Evidently, Langdon thought. “So the man in the fax lived up here? One of your upper‑level employees?”
“Quite,” Kohler said. “He missed a meeting with me this morning and did not answer his page. I came up here to locate him and found him dead in his living room.”
Langdon felt a sudden chill realizing that he was about to see a dead body. His stomach had never been particularly stalwart. It was a weakness he’d discovered as an art student when the teacher informed the class that Leonardo da Vinci had gained his expertise in the human form by exhuming corpses and dissecting their musculature.
Kohler led the way to the far end of the hallway. There was a single door. “The Penthouse, as you would say,” Kohler announced, dabbing a bead of perspiration from his forehead.
Langdon eyed the lone oak door before them. The name plate read:
“Leonardo Vetra,” Kohler said, “would have been fifty‑eight next week. He was one of the most brilliant scientists of our time. His death is a profound loss for science.”
For an instant Langdon thought he sensed emotion in Kohler’s hardened face. But as quickly as it had come, it was gone. Kohler reached in his pocket and began sifting through a large key ring.
An odd thought suddenly occurred to Langdon. The building seemed deserted. “Where is everyone?” he asked. The lack of activity was hardly what he expected considering they were about to enter a murder scene.
“The residents are in their labs,” Kohler replied, finding the key.
“I mean the police,” Langdon clarified. “Have they left already?”

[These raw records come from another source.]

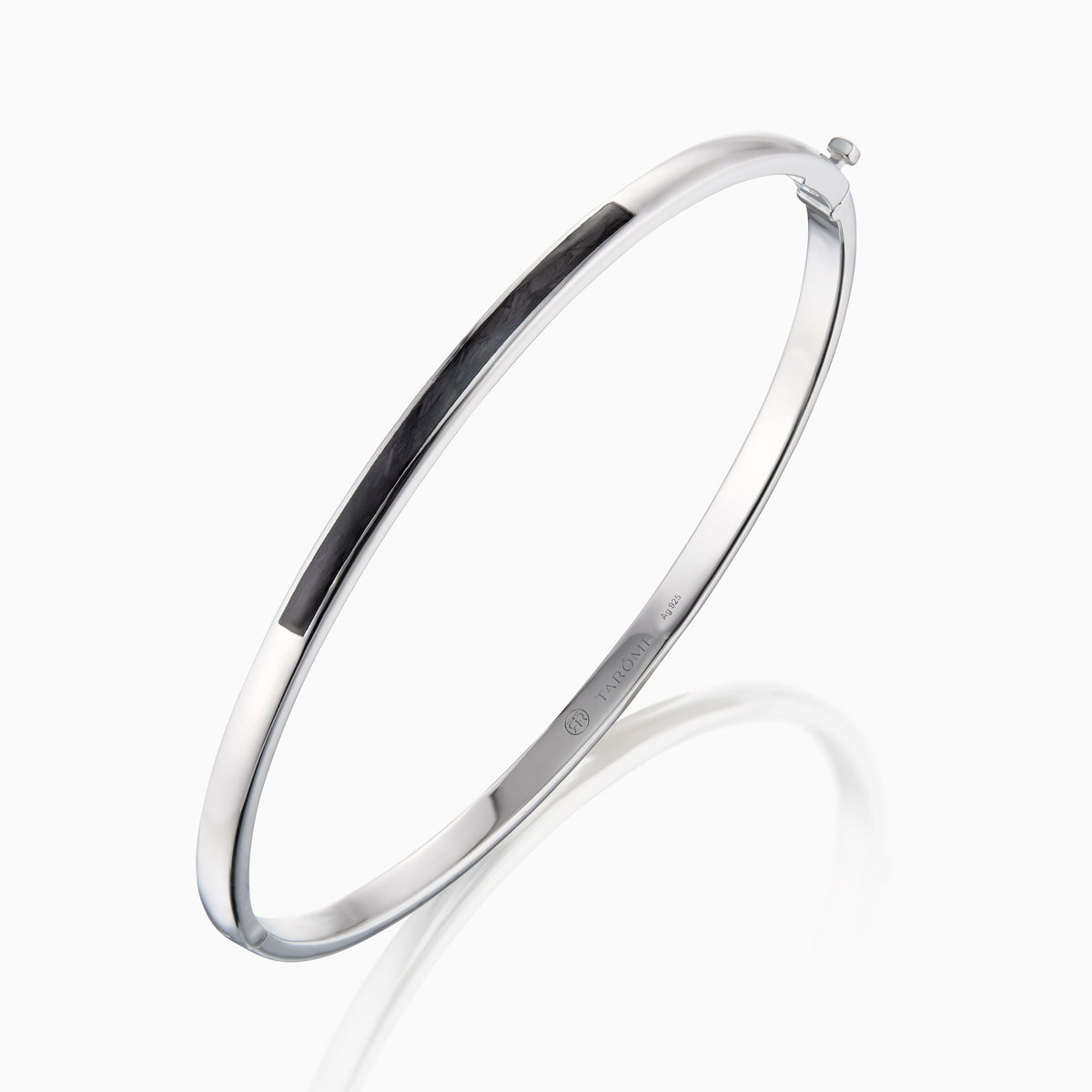 men's parsec bangle bracelet sterling silver angle
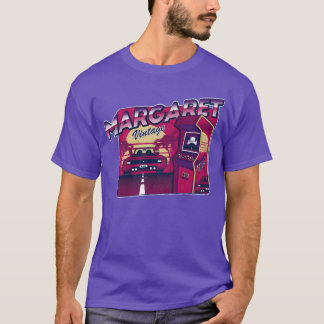 Margaret Personalized Vintage Gamer 80s 90s T-Shirt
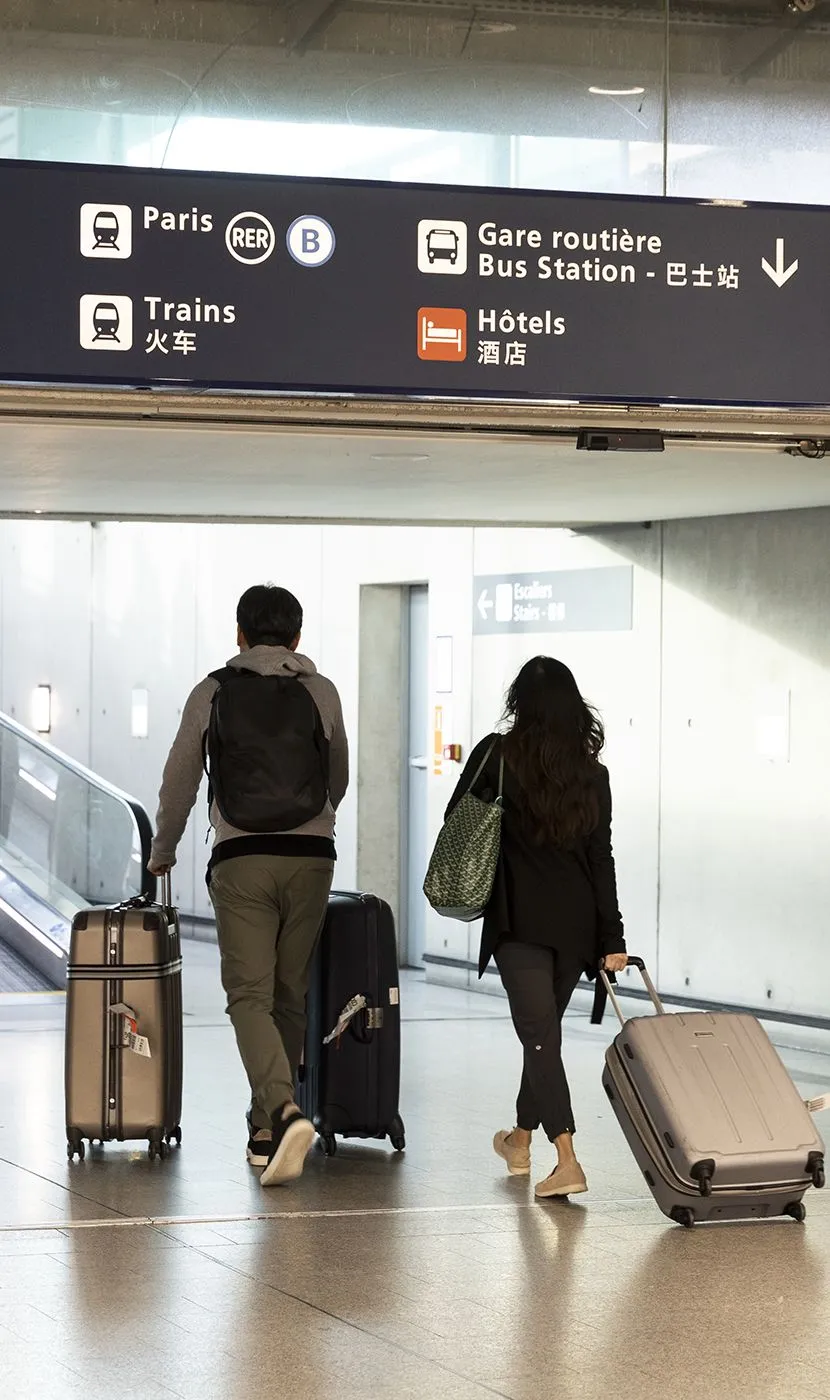 transports en commun des passagers à paris cdg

Kohler paused, his key halfway into the lock. “Police?”
Langdon’s eyes met the director’s. “Police. You sent me a fax of a homicide. You must have called the police.”
“I most certainly have not.”
Kohler’s gray eyes sharpened. “The situation is complex, Mr. Langdon.”
Langdon felt a wave of apprehension. “But . . . certainly someone else knows about this!”
“Yes. Leonardo’s adopted daughter. She is also a physicist here at CERN. She and her father share a lab. They are partners. Ms. Vetra has been away this week doing field research. I have notified her of her father’s death, and she is returning as we speak.”
“But a man has been murd—”
“A formal investigation,” Kohler said, his voice firm, “will take place. However, it will most certainly involve a search of Vetra’s lab, a space he and his daughter hold most private. Therefore, it will wait until Ms. Vetra has arrived. I feel I owe her at least that modicum of discretion.”
Kohler turned the key.
As the door swung open, a blast of icy air hissed into the hall and hit Langdon in the face. He fell back in bewilderment. He was gazing across the threshold of an alien world. The flat before him was immersed in a thick, white fog. The mist swirled in smoky vortexes around the furniture and shrouded the room in opaque haze.
“What the . . . ?” Langdon stammered.
“Freon cooling system,” Kohler replied. “I chilled the flat to preserve the body.”
Langdon buttoned his tweed jacket against the cold. I’m in Oz, he thought. And I forgot my magic slippers.